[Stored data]
________________________________________

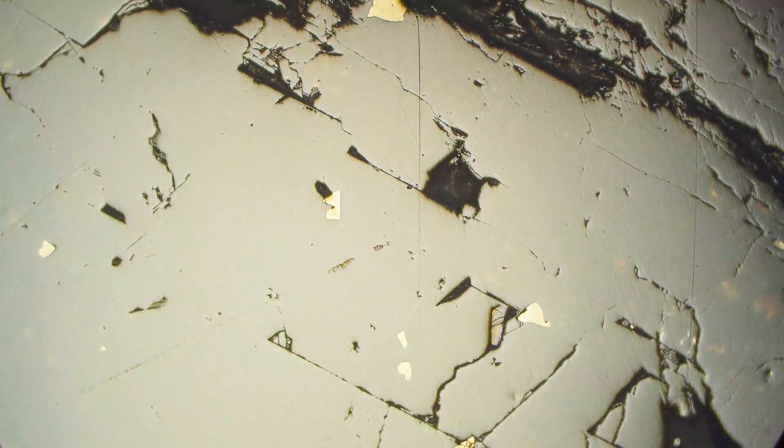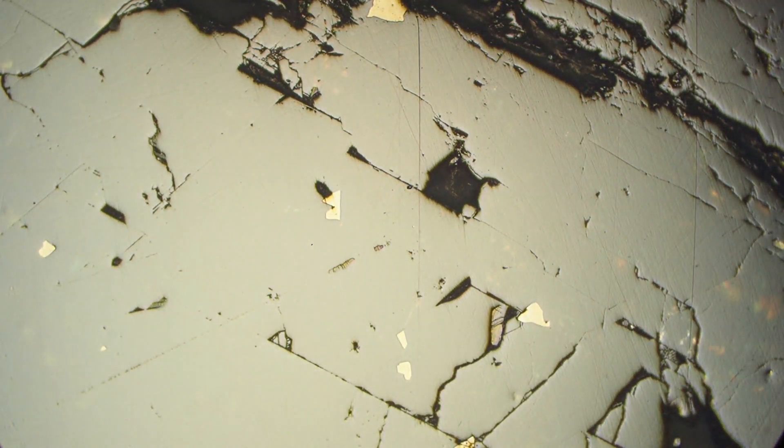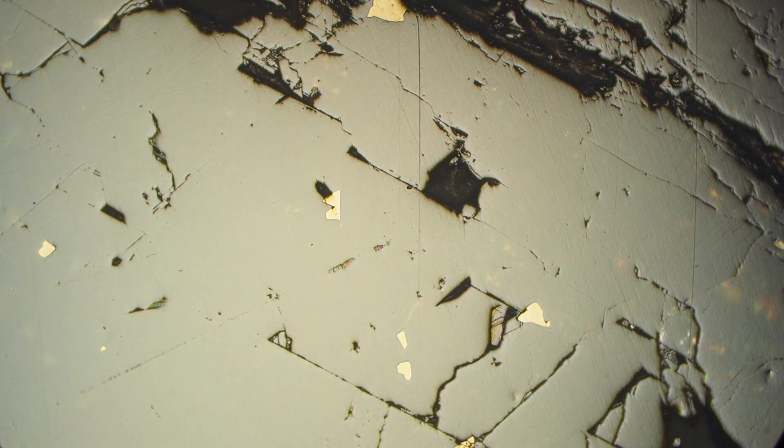It's not changing during the rotation significantly, except for maybe a little bit of twinkling of the internal reflections. Therefore it is isotropic or not anisotropic.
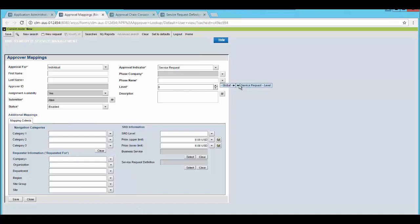Select the phase. Select the phase as service request level. Save the changes.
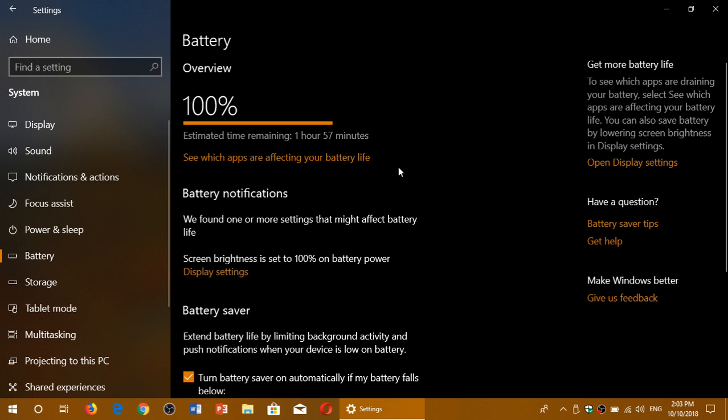At the top, it's going to tell you your battery, how much time is estimated that it can actually work when it's at 100%. If you're on battery, it's going to tell you what percentage your battery level is right now.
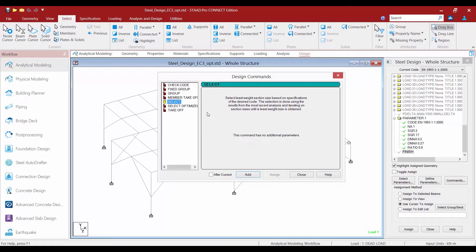Additionally, STAAD Pro only considers sections that have the same cross-sectional shape as the initial member. For example, if a member is initially specified as an angle using the European steel table, then only other angle shapes from that same database are considered when the selection routine is performed.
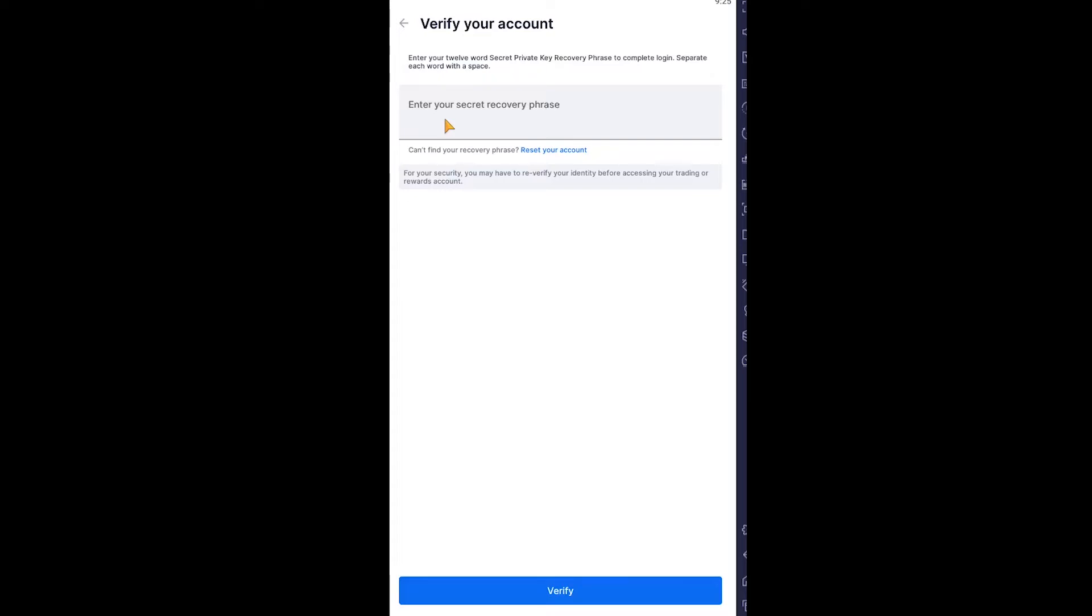When you create a Blockchain wallet, it gives you a 12-word recovery phrase, and you have to remember that. If you don't remember it, you've basically lost your Blockchain wallet. Because if you forget your password, you have to enter that 12-word recovery phrase. If you don't remember your password and you don't remember the recovery phrase, then basically it's done—you can't do anything.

________________________________________

--- WHAT TO PRODUCE ---
Leaving out every picture, transcribe exactly the lines from the line that contains "At the top, it's" through the final line of the entries above.

--- SOLUTION ---
At the top, it's going to tell you your battery, how much time is estimated that it can actually work when it's at 100%. If you're on battery, it's going to tell you what percentage your battery level is right now.
Additionally, STAAD Pro only considers sections that have the same cross-sectional shape as the initial member. For example, if a member is initially specified as an angle using the European steel table, then only other angle shapes from that same database are considered when the selection routine is performed.
When you create a Blockchain wallet, it gives you a 12-word recovery phrase, and you have to remember that. If you don't remember it, you've basically lost your Blockchain wallet. Because if you forget your password, you have to enter that 12-word recovery phrase. If you don't remember your password and you don't remember the recovery phrase, then basically it's done—you can't do anything.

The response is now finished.